Sunday, January 12, 2014

The Promise Of The Spirit.2

"If you love me, then keep my commandments. And I will pray to the Father, and he will give you another comforter to be with you forever. His is the breath of truth. The world does not accept him, because it neither sees him nor knows him. But you will know him, for he will dwell with you, and in you."

"I'm glad," sighed the retiring elder, "to leave ministry to you younger's just getting too complicated."  As an upstart know-it-all, I easily brushed aside the remark with a careless thought: "ministry is probably glad to see you go, you old dinosaur".

Today, I'm the dinosaur.  And ministry is complicated a hundredfold. Just yesterday I ran into a former parishioner who, after an obligatory "how are you?", proceeded to unload her laundry list of grief.  A list that reflects the damage of a sin-torn world, and the frustration of not finding satisfying remedies - inside the church or out.

And as a former pastor I no longer have the vantage point of
dishing out my sage wisdom, pearls of advice and keen prescriptions perched upon my lofty branch of Doctrinal Purity.  The branch is broken and the "I told you so's" have lost their bluster.

The pain of sin manifests itself in so many ways
  • destructive relationships
  • destroying disease
  • debilitating deadening of hope
Can there be any comfort outside of Truth?

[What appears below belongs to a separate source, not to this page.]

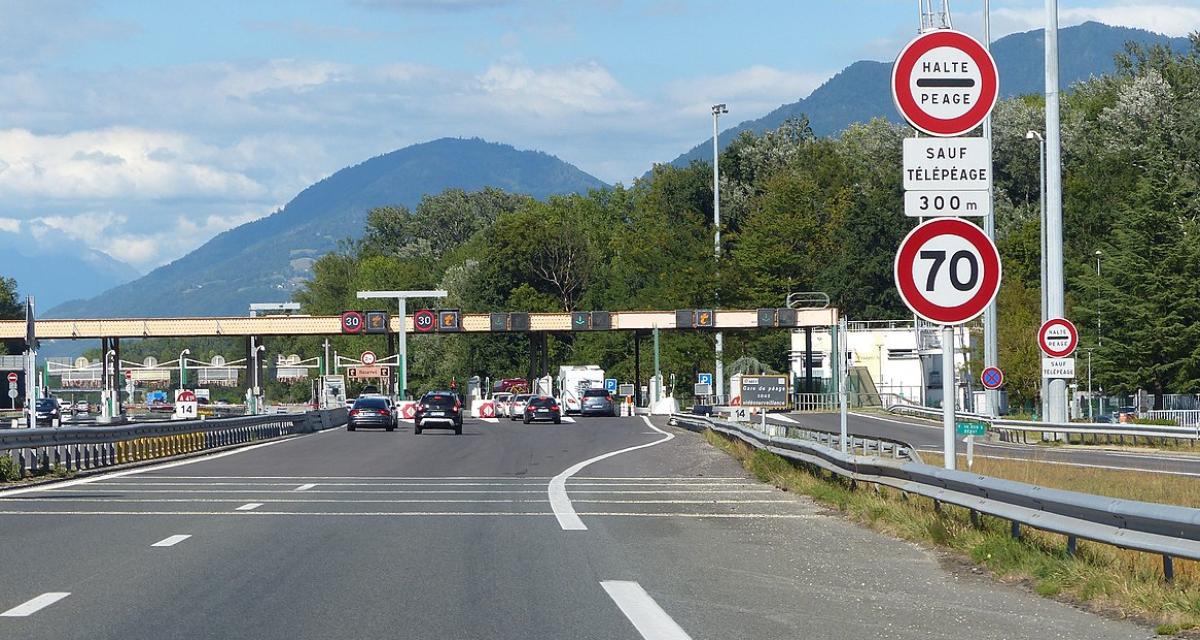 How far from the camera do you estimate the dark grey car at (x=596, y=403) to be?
86.7 meters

This is the Truth we cling to: 
"I came that they might have Life!"
"...let us arise and live! 
-arise even in the darkest moments of spiritual stupidity, when hope itself sees nothing to hope for. Let us not trouble ourselves about the cause of our earthliness, except we know it to be some unrighteousness in us, but go at once to the Life.
Never, never let us accept as consolation the poor suggestion, that the cause of our deadness is physical/circumstantial.

Can it be comfort to know that this body of ours, because of the death in it, is too much for the spirit-which ought not merely to triumph over it, but to inspire it with subjection and obedience?
Let us comfort ourselves in the thought of the Father and the Son. So long as there dwells harmony, so long as the Son loves the Father with all the love the Father can welcome, all is well with the little ones.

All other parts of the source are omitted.